LOA : la Confédération paysanne contribue à la saisine du Conseil constitutionnel
La première atteinte est liée aux dispositions qui mettent en concurrence agriculture et environnement. Pourtant, de la santé des sols et des cours d'eau dépend la capacité actuelle et future à produire une alimentation de qualité en France. En introduisant la notion floue et ambigüe « d'intérêt général majeur », les parlementaires n'ont pas pris la peine de préciser comment elle s'articulait avec les notions d'intérêt général, d'intérêt public majeur, d'intérêt national majeur ou d'intérêts fondamentaux de la nation. Est-ce à dire que l'agriculture et la pêche, désignées « d'intérêt général majeur », seraient exonérées du respect de la Charte de l'environnement, qui a pourtant valeur constitutionnelle ?
La notion de souveraineté alimentaire introduite dans la loi relève d'une approche purement productiviste, au détriment des incontournables volets alimentaires, économiques, sociaux et environnementaux consacrés par la Charte de l'environnement. Or, la notion de souveraineté alimentaire a déjà une définition juridique, au sein de la Déclaration des Nations Unies sur les droits des paysans et des autres personnes travaillant dans les zones rurales, contenant le lien intrinsèque avec la durabilité et l'accès à l'alimentation. La protection des ressources - eau, sols, haies, cours d'eau, pollinisateurs… - est donc indispensable pour maintenir notre capacité de production agricole sur le long terme et faire face aux défis du changement climatique.
Le second grief de notre contribution porte sur l'atteinte à l'égalité devant la loi induite par les articles 31 et 44, qui aménagent des régimes de faveurs juridiques et judiciaires à l'agro-industrie.

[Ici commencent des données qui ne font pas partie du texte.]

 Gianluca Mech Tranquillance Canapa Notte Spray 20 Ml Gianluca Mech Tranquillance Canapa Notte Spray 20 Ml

En instaurant « une présomption de non-intentionnalité » visant à dépénaliser les atteintes aux espèces et aux espaces naturels protégés, l'article 31 va à l'encontre de l'intérêt des paysan·nes. La nature reste en effet le principal outil de travail des paysan·nes. Les dommages environnementaux causés par certains paysan·nes ont donc des conséquences négatives pour l'ensemble des professionnels.
L'article 44 crée un nouveau régime contentieux dérogatoire pour les méga-bassines et pour les installations classées pour la protection de l'environnement dites ICPE. Ces deux types d'ouvrages, outils manifestes de l'agro-industrie bénéficieraient ainsi d'un contrôle moins strict du juge. Soit une justice à deux vitesses pour les paysan·nes : certains seraient soumis au droit de l'environnement et à la répression de tout délit à son encontre quand les agro-industriels, qui ont davantage recours aux pesticides et aux engrais azotés polluant les sols et les eaux, bénéficieraient d'un régime judiciaire de faveur, plus rapide et plus laxiste.
Les paysan·nes ont tous besoin d'infrastructures fonctionnelles, de haies, de cours d'eau et de sols en bon état écologiques. Or, absoudre les professionnels non-respectueux de l'outil de travail collectif porterait préjudice à l'ensemble des paysan·nes ; sanctionner ceux qui ne respectent pas la nature, c'est préserver l'activité agricole du plus grand nombre.